You can’t use manufacturer’s coupons at Big Lots, though you can earn store coupons if you’re a member of the bargain-priced closeout chain’s frequent shopper program. But now, Big Lots is making some changes to its rewards program that may turn out to be good in the short term – but not quite so good in the long term.
Up until today, Big Lots’ “Buzz Club Rewards Program” was structured in a fairly straightforward way. If you made ten purchases of $20 or more within a year, you’d earn a 20% off coupon on your next purchase. And savvy shoppers knew how to work it – buy just enough to get over $20 ten times, then go nuts and spend hundreds on their next shopping trip in order to maximize the 20% discount.
Starting today, that’s changing. Exactly how it’s changing, though, Big Lots isn’t quite saying.

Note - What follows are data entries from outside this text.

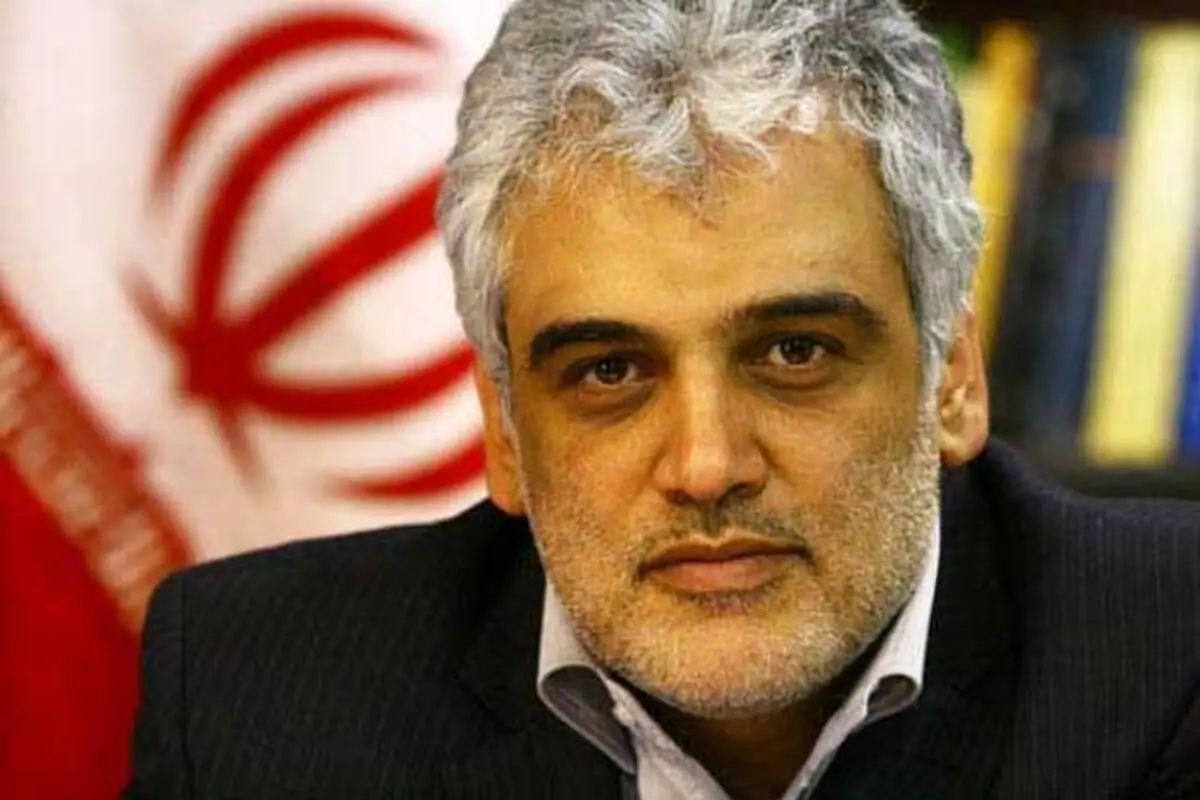 چالش‌های آموزش عالی از زبان طهرانچی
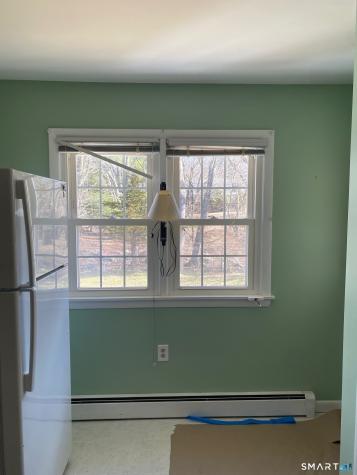 13 Curtis Street Norwich CT 06360
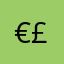 €£¥£££€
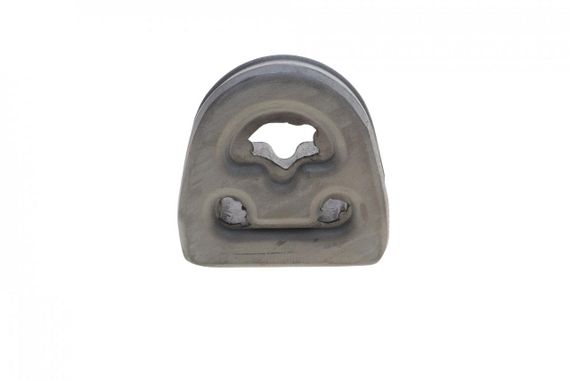 Гумка глушника Mercedes Benz Sprinter VW LT 96-06 30728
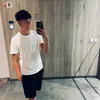 _carloss.romeroo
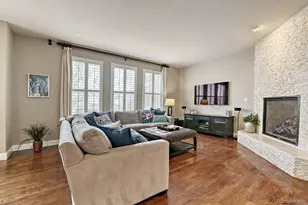 13864 Quail Ridge Dr, Broomfield, CO 80020 - Photo 5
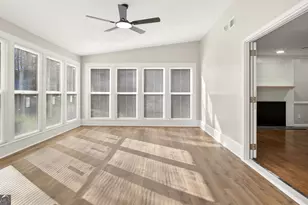 1837 Coventry Way, Jonesboro, GA 30236 - Photo 15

The store is, of course, promoting the changes as a big improvement to the program. And in some regards, it appears to be just that. A $20 minimum is no longer required – any purchase counts toward your next offer.
After that, though, it gets pretty vague. There will be “more offers, more often,” Big Lots promises, with no mention of how many purchases you’ll need to make in order to trigger an offer, or whether smaller purchases will carry the same weight as larger ones. The offers will also include “coupons and discounts tailored to how you shop at Big Lots.” In all, the program “will offer more frequent offers which will differ from the current 20% discount.”
The big question is how exactly the new offers will “differ” from the old 20% discount – differ as in, better than 20%? Or worse?
Big Lots is playing it close to the vest publicly, but it’s showing its hand to insiders. “We’ve found an opportunity to improve sales and improve transactions against our loyalty card base with this new program and do it at a lower cost, meaning the markdowns associated with it are not as rich as the prior program,” Big Lots Chief Financial Officer Tim Johnson told investors earlier this year, as the company started planning the changes.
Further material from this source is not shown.